In any function involving a square root, it's crucial to ensure that the value under the square root is non-negative because the square root of a negative number is not defined in the set of real numbers; it would be an imaginary number. In our exercise, the expression under the square root is \( \sqrt{x-2} \). Therefore, \( x-2 \) must be equal to or greater than 0, leading us to the inequality \( x \geq 2 \). This is how we derive part of the domain restriction for functions containing square roots.

Logarithms are fascinating and vital concepts in mathematics because they help us deal with very large or very small numbers. The logarithmic function is the inverse of the exponential function. In simpler terms, if you think of exponentiation as multiplying a number by itself a certain number of times, taking a logarithm would find out "how many times" to achieve a certain result.
In any function involving a logarithm, such as \( \log_{5}(10-x) \), the expression inside the logarithm must be positive for it to be defined in real numbers.

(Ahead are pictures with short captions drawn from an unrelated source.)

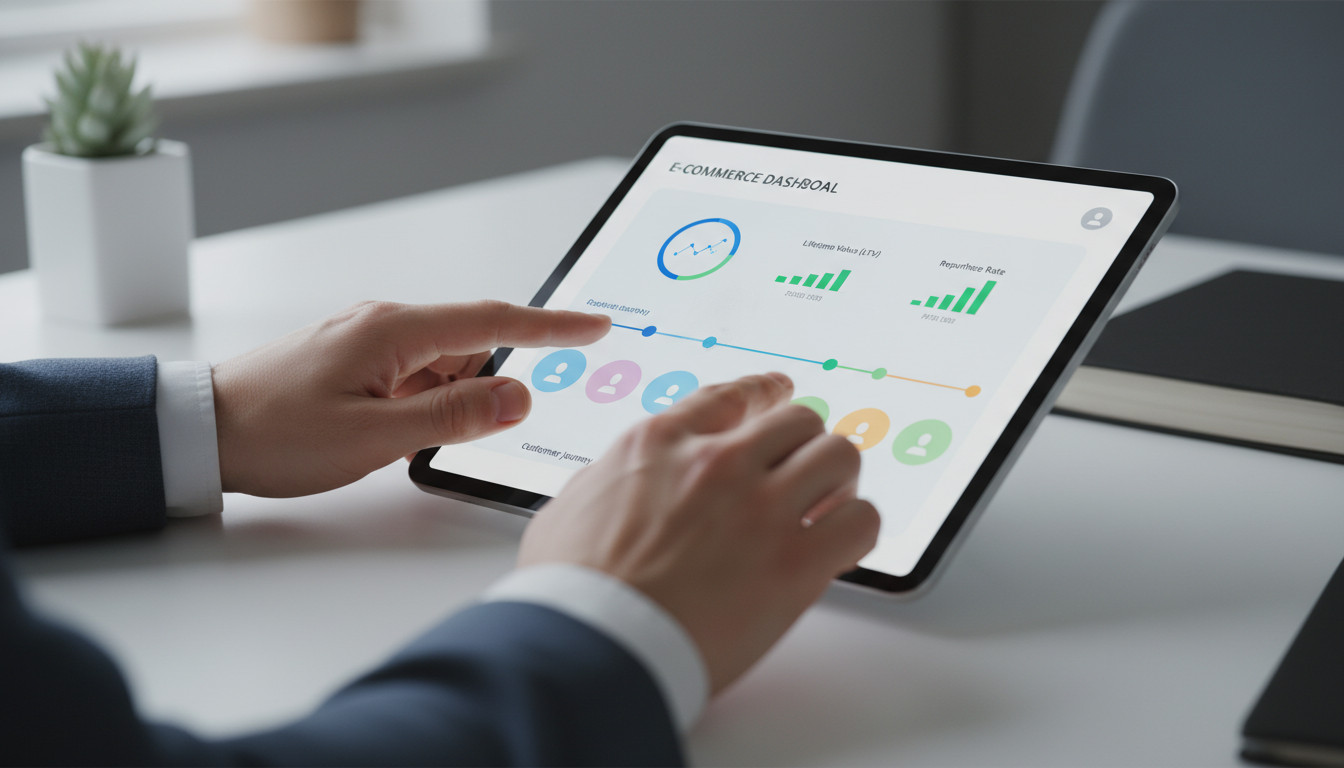 Mãos de um profissional de e-commerce utilizando um tablet com painel de controle de dados e métricas.
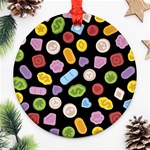 Ecstasy pills pattern Round Ornament (Two Sides)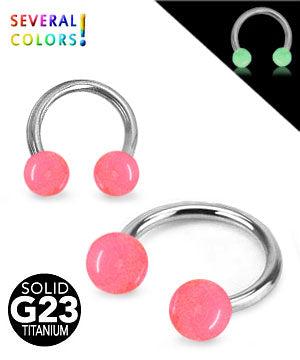 Circulra barbell glow in the dark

That's because logarithms of non-positive numbers are undefined in the real number system.
In the context of our problem, \( 10-x \) must be greater than 0, leading to the inequality \( x < 10 \). This is why we have another restriction on the domain of our function, because the logarithm must have a positive argument.

Inequalities are mathematical statements that describe the relative size or order of two objects. Unlike equations, which show equality, inequalities show one side is larger or smaller than the other. Inequalities are crucial in determining the domain of functions, especially when dealing with restrictions like the ones from square roots and logarithms.
In our case, we derived the inequalities \( x \geq 2 \) from the square root and \( x < 10 \) from the logarithm. These inequalities guide us in finding which values of \( x \) are allowable in our function's domain. By combining these conditions, we understand that \( x \) values must satisfy both inequalities simultaneously for the function \( h(x) \) to work correctly. The solutions to these inequalities essentially give us the valid domain of the function.

Interval notation is a concise way of writing the set of all \( x \) values that satisfy an inequality or a combination of inequalities. It uses brackets to describe end values, with parentheses indicating that an endpoint is not included and square brackets showing endpoint inclusion.
In our exercise, after finding the inequalities \( x \geq 2 \) and \( x < 10 \), we combine these to state the domain of the function in interval notation. The bounds are included in square brackets and parentheses as appropriate, resulting in the interval \( [2, 10) \). This means \( x \) can be equal to 2 (included) and can be less than, but never equal to, 10 (not included).
Interval notation is a powerful way to communicate ranges simply and effectively, especially in calculus and algebra.